>>>>
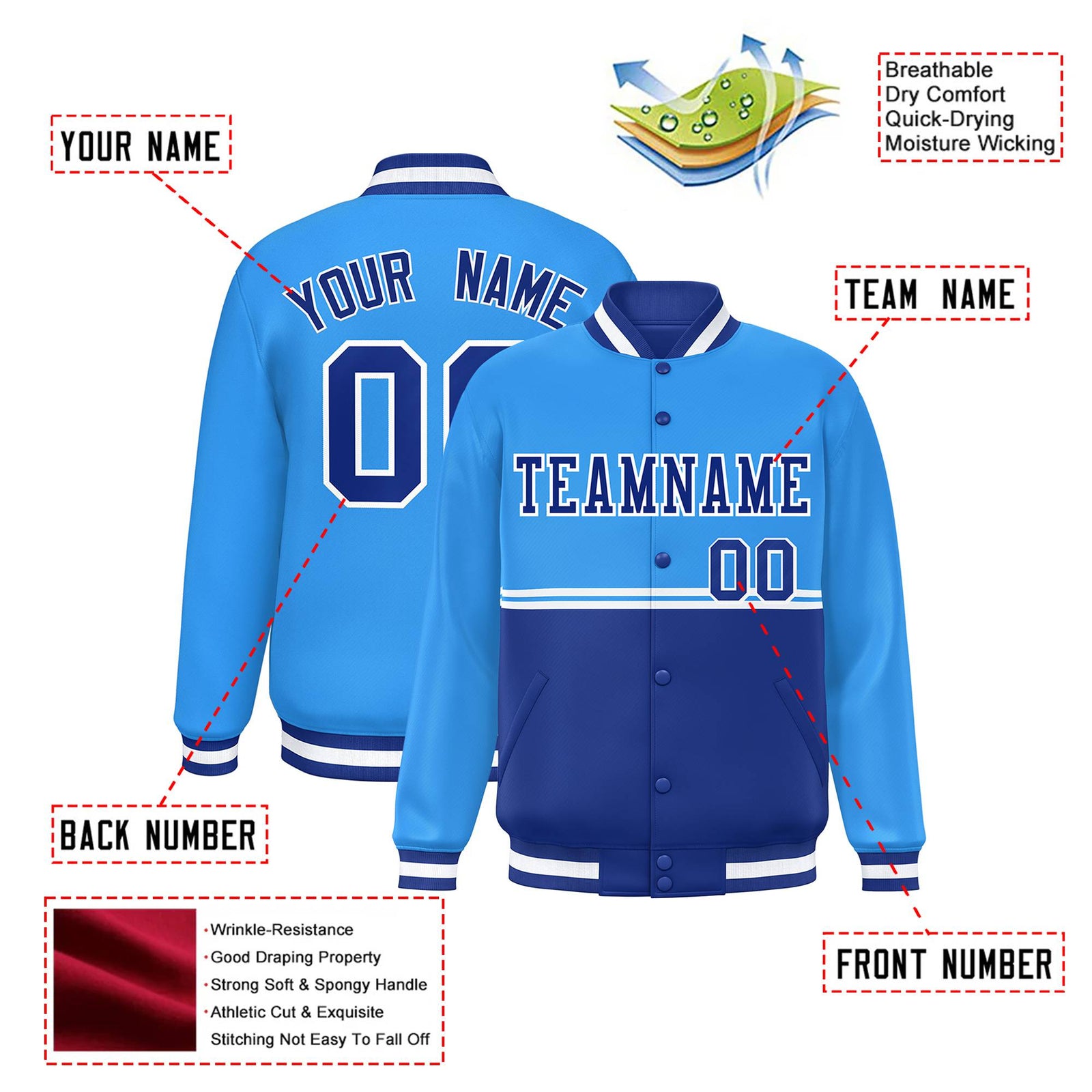 Custom Powder Blue-Royal Blue-Powder Blue Varsity Full-Snap Letterman Color-Matching Split Fashion Jacket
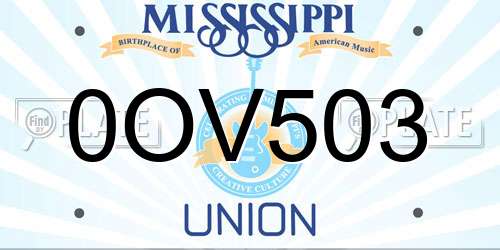 0OV503 Mississippi License Plate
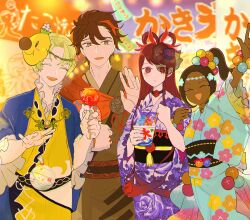 2boys 2girls alfred_(fire_emblem) alternate_costume blonde_hair blue_kimono brown_hair brown_kimono candy_apple character_mask choker closed_eyes closed_mouth dark-skinned_female dark_skin diamant_(fire_emblem) fire_emblem fire_emblem_engage floral_print floral_print_kimono food hair_ornament high_ponytail highres ivy_(fire_emblem) japanese_clothes kimono long_hair long_sleeves looking_at_viewer mario_(series) mask mask_on_head mole mole_under_mouth multiple_boys multiple_girls nintendo open_mouth ponytail print_kimono purple_kimono red_eyes red_hair sasaki_(dkenpisss) shaved_ice short_hair teeth timerra_(fire_emblem) upper_teeth_only waving wide_sleeves wiggler yellow_kimono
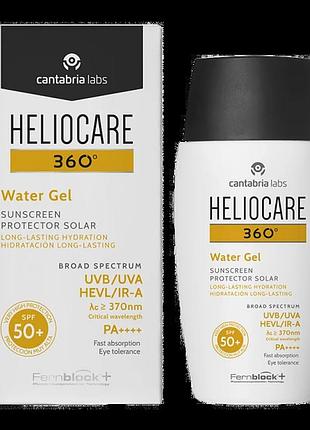 Сонцезахисний увлажняющий гель cantabria labs с spf 50+ heliocare 360º water gel 50 мл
<<<<
• _Work order_:
Only an exact copy is needed: the lines from the opening of the listing through the line with "0OV503 Mississippi License Plate", both included, minus the pictures.

• _Answer to this problem_:
 Custom Powder Blue-Royal Blue-Powder Blue Varsity Full-Snap Letterman Color-Matching Split Fashion Jacket
 0OV503 Mississippi License Plate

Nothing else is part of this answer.